Memory Access Behavior 
Recording memory access information is crucial to understanding how data 
moves around in a program. In the event of any type of memory transaction operations 
encountered, whether it is a load, store, dynamic memory allocation, or memory transfer 
functions (e.g., memmove, memcpy, etc...), a callback to the ct_runtime library is inserted 
in order to record the memory operation. Storing the record in the buffer on every 
occurrence of a memory event allows Contech to gather the greatest amount of 
 23 
information while keeping runtime overhead low. Examples of captured memory 
information include the addresses involved and transfer size of operations. 
Ordering 
Another aspect of program behavior common to any parallel execution 
architecture is the ordering that serial segments of code are executed. The remaining 
function calls instrumented by Contech are the sources of ordering constraints. In the 
event of a function call instruction, Contech uses the function map to identify the type of 
event encountered. This decouples functionality from source code constructs, allowing 
Contech to be extended onto other programming paradigms expressing similar core 
functionality.  
Task Create 
When a program starts running, the first program thread executes instructions 
from the program’s main. Any additional threads of execution spawned from the initial or 
subsequently spawned threads must come from program instructions, either implicitly or 
explicitly inserted by the programmer. When such an instruction is encountered, it is 
labeled as a TASK_CREATE event. The function call that spawns a thread is replaced by 
a call to the ct_runtime library. The ct_runtime library function acts as a wrapper for 
thread spawning behavior. This enables Contech to perform the necessary internal setup 
for thread creation, which includes generating unique internal thread IDs, resolving 
timing information, preparing the buffering component for this thread, and then 
leveraging the buffering component to store the TASK_CREATE event. 
When Contech reasons about threads of execution from a thread-level 
perspective, several issues become apparent that have low cost solutions in place. 
 24 
Threads are scheduled to run on a core by the process dispatcher of an operating system. 
For a variety of reasons related to fairness, threads can have their execution preempted, 
state saved, and scheduled to run on a potentially different hardware core at a later time. 

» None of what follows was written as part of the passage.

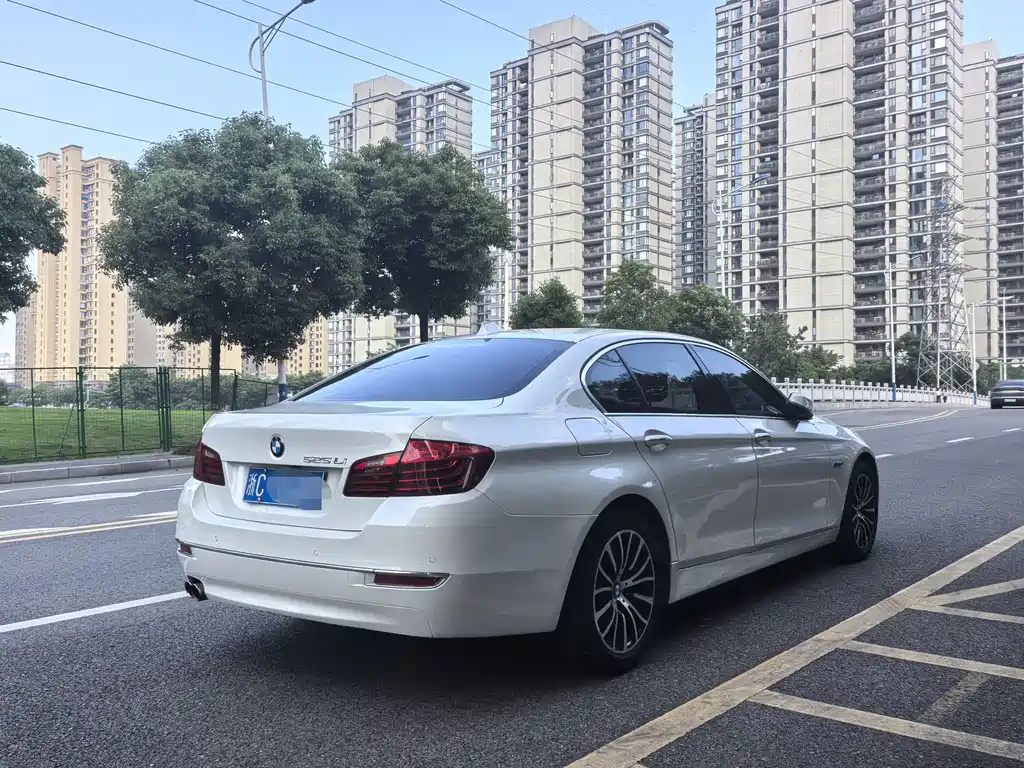 BMW 5 Series 2015 — фото 4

The event file references events originating from certain threads, and, in order to 
consistently refer to the same thread, an ID maintained by the ct_runtime is assigned to 
each thread. This is termed the contech_id. Each event has the relevant contech_id 
recorded as well.  
The event file, being a trace, contains timing information so that consumers can 
reason about the relative length of wall-clock time spent performing certain actions. The 
goal is to obtain timing information with as low of a cost as possible. To do this, Contech 
needed to poll a computer’s notion of time. The cheapest way to find this information is 
through the time stamp counter, a counter for the number of cycles since machine reset. 
For fast access, each processor has its own counter. With dynamic frequency and voltage 
scaling being a popular means of throttling modern processors, the possibility of clock 
skew among thread timing information is very real. Another threat to timing accuracy 
occurs in the event that a thread is preempted and scheduled to run on a different core. In 
that case, the timing information for events inside a single Contech could be inaccurate. 

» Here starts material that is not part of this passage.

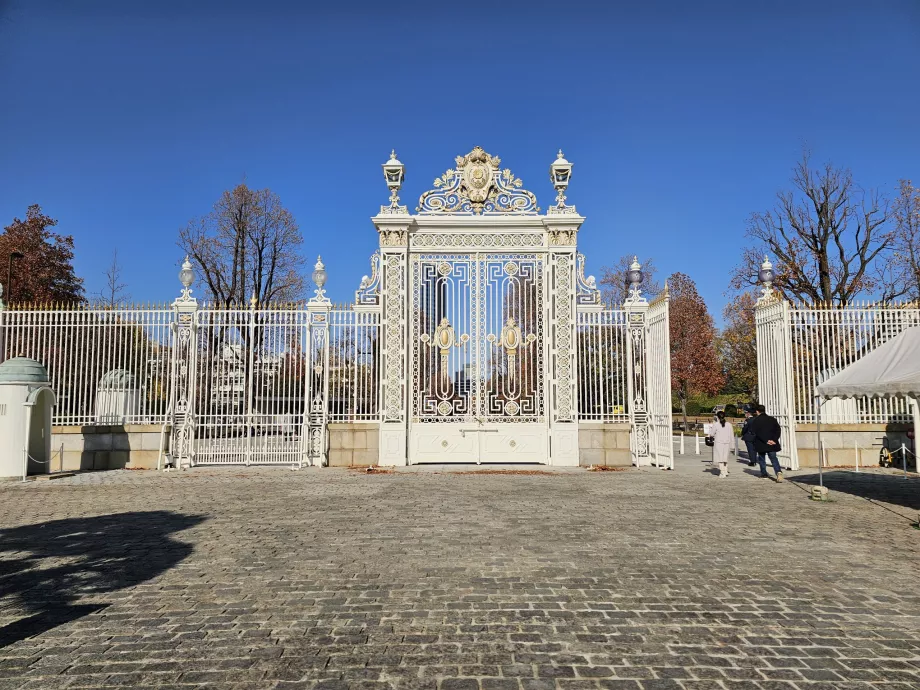 Huvudutgång från Akasaka Palace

To deal with these issues, some design-changing attitudes about timing information were 
adopted. Low cost timing information can be inaccurate in the worst case, which is why 
Contech backends don’t rely on the accuracy of timing information throughout the event 
file, rather on ordering information among synchronization primitives. Timing 
information was included in the case that a backend analysis is able to rely on potentially 
inaccurate timing information, such as querying the approximate number of cycles spent 
 25 
in a thread or a critical section. This relaxed accuracy timing information is recorded 
based on the assumption that all cores have spent the same number of cycles since 
machine boot, at the same clock speed. 
Task Join 
At some point in a parallel program it may be desired to ensure that a thread has 
completed execution before progressing further in the program. One example of this 
behavior occurs towards the end of the program. Since it is usually undesirable for the 
main thread of execution to terminate itself and consequently all of its spawned threads, 
this mechanism enables the program to deal with mentioned problem. When one thread 
waits for the termination of another thread, this is referred to as a TASK_JOIN event. 

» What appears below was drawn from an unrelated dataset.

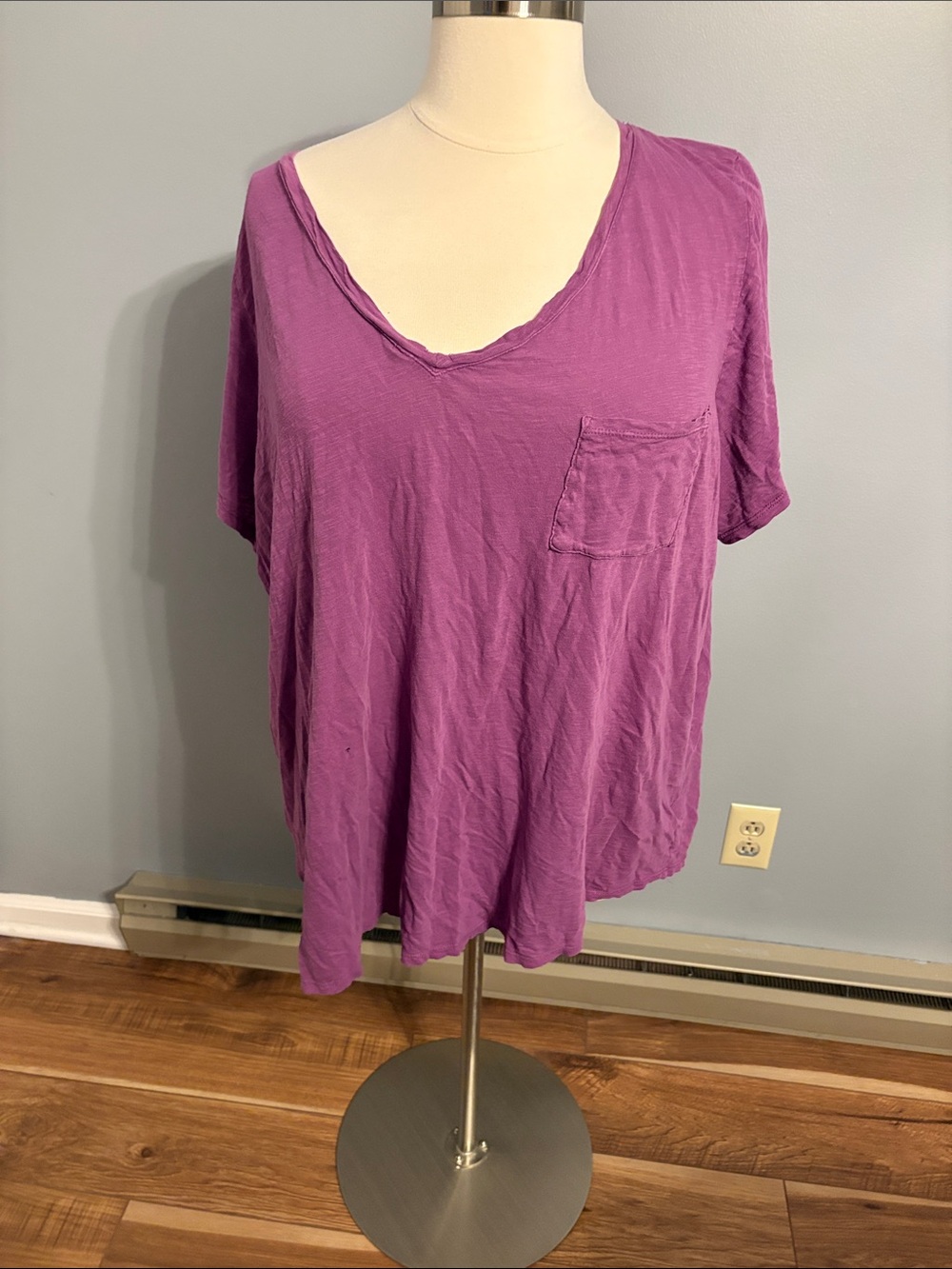 torrid Purple Short Sleeve V-Neck Pocket Tee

Such an event, when encountered, is forwarded to the buffering component for eventual 
output to the event file. 
Sync Acquire 
Managing critical sections and the number of threads allowed to execute some 
code is done usually through the use of synchronization variables. This includes barriers, 
but differences are to be discussed later. When Contech comes across a thread acquiring a 
synchronization variable, the type of event recorded will be SYNC_ACQUIRE. 
Sync Release 
The amount of time spent holding a synchronization variable while in a critical 
section can vary, so the event file must note not only the acquisition, but also the release 




When a program needs to have several threads all reach a section before 
proceeding forward, this is traditionally done with a barrier or similar structure. This 
event is marked as a BARRIER_WAIT in the event file. Although the frontend encounters 
a barrier as a single function call, the event file actually gets two events inserted. One 
event is for arrival at a barrier, while the other event designates barrier departure. With 
both events Contech can deal with issues that arise in the context of a loop embedded 
barrier. The task graph must distinguish between consecutive iterations of a loop reaching 
the same barrier. This can occur in the edge case arising when a thread is able to leave the 
barrier, jump to the beginning of the loop, and reach the barrier entry point again, before 
any other threads have left the barrier.   
Buffering Architecture 
As the compiled program runs, Contech inserted instrumentation is executed and 
events are written out to disk. The events written out to disk are in a certain order. There 
are two types of order preserved in the event file: partial ordering and semantic ordering. 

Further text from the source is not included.